Collection entries:

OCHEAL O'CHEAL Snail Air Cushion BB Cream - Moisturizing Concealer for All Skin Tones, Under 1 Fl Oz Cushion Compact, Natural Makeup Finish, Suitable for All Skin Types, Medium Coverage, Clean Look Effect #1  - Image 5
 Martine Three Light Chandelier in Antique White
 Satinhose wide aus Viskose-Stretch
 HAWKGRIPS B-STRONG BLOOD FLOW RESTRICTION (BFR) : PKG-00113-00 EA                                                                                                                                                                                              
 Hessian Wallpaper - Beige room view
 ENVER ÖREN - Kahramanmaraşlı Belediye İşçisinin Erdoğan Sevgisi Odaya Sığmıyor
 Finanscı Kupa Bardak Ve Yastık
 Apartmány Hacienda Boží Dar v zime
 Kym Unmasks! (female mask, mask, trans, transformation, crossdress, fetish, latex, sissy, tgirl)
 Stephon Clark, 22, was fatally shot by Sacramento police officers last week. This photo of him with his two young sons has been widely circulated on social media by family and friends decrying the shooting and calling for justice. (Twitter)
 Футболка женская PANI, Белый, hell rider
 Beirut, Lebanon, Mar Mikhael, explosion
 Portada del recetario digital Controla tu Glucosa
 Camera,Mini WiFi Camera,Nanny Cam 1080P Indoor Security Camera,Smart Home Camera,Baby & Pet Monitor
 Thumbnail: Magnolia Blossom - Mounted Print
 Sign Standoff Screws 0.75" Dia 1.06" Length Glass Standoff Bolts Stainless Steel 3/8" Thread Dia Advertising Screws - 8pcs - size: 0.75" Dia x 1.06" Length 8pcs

Problem to solve | Above are the records; repeat exactly the lines from the one holding "ENVER ÖREN - Kahramanmaraşlı" down to the one holding "Kym Unmasks! (female", end lines included.

Answer section |
 ENVER ÖREN - Kahramanmaraşlı Belediye İşçisinin Erdoğan Sevgisi Odaya Sığmıyor
 Finanscı Kupa Bardak Ve Yastık
 Apartmány Hacienda Boží Dar v zime
 Kym Unmasks! (female mask, mask, trans, transformation, crossdress, fetish, latex, sissy, tgirl)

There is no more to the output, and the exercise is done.